Directions for this task: Output the complete listing exactly, please, and keep the pictures out of it.
Provided material Start Marker
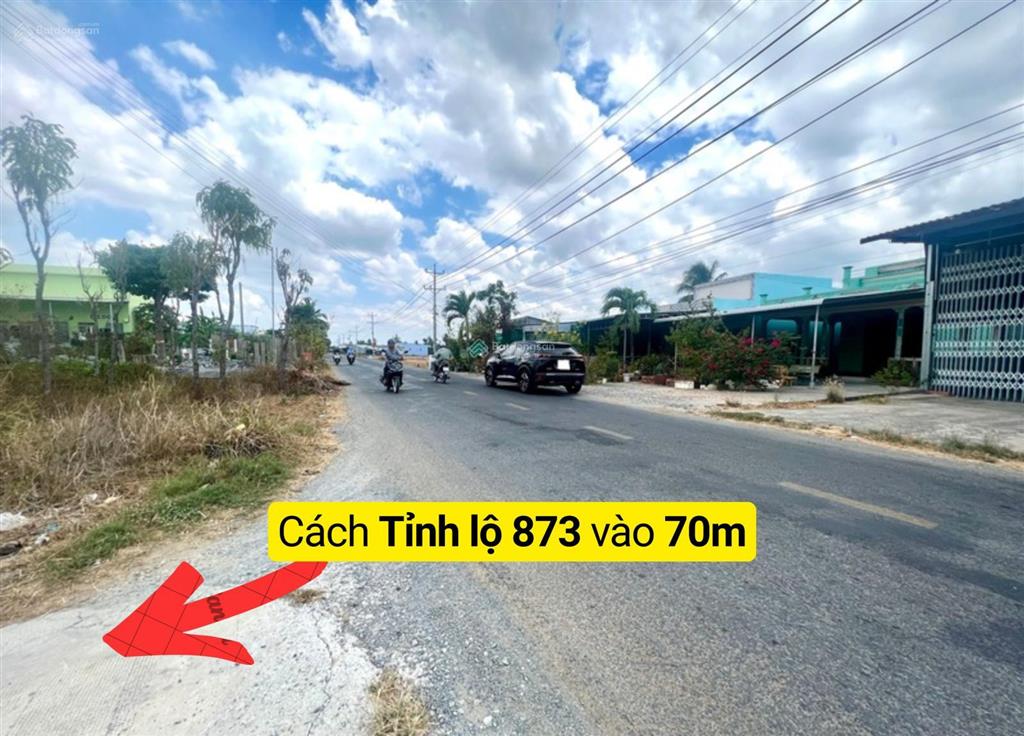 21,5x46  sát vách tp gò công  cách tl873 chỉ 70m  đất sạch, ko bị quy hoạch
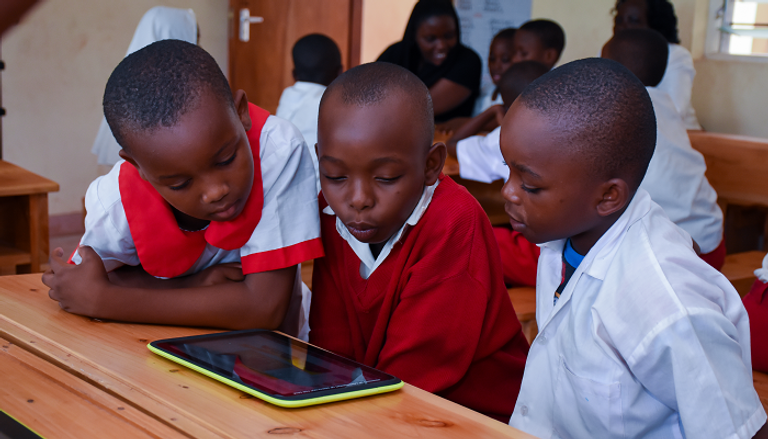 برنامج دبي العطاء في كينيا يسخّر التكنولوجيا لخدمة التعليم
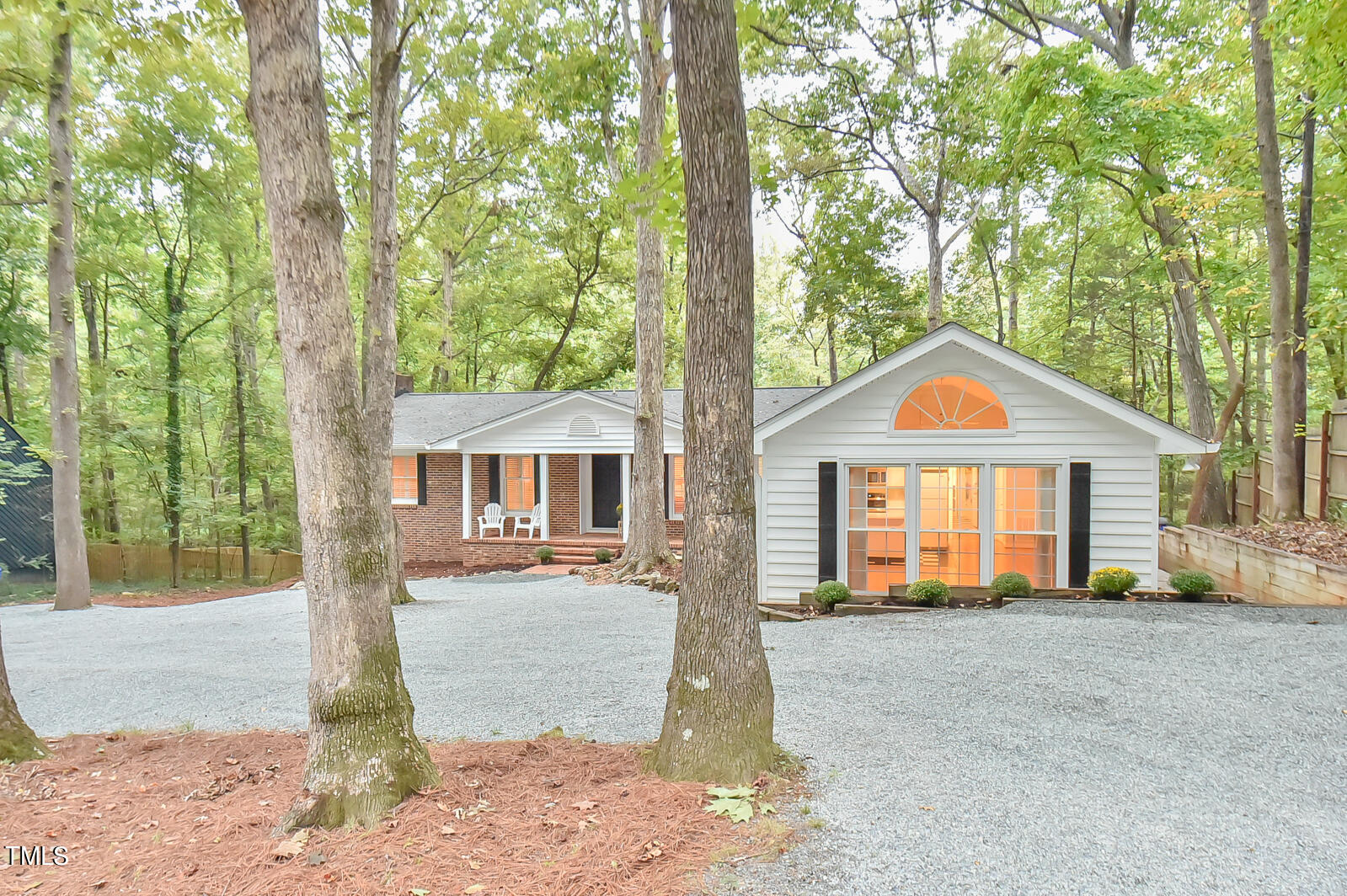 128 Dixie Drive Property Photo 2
Provided material End Marker
Expected answer:
 21,5x46  sát vách tp gò công  cách tl873 chỉ 70m  đất sạch, ko bị quy hoạch
 برنامج دبي العطاء في كينيا يسخّر التكنولوجيا لخدمة التعليم
 128 Dixie Drive Property Photo 2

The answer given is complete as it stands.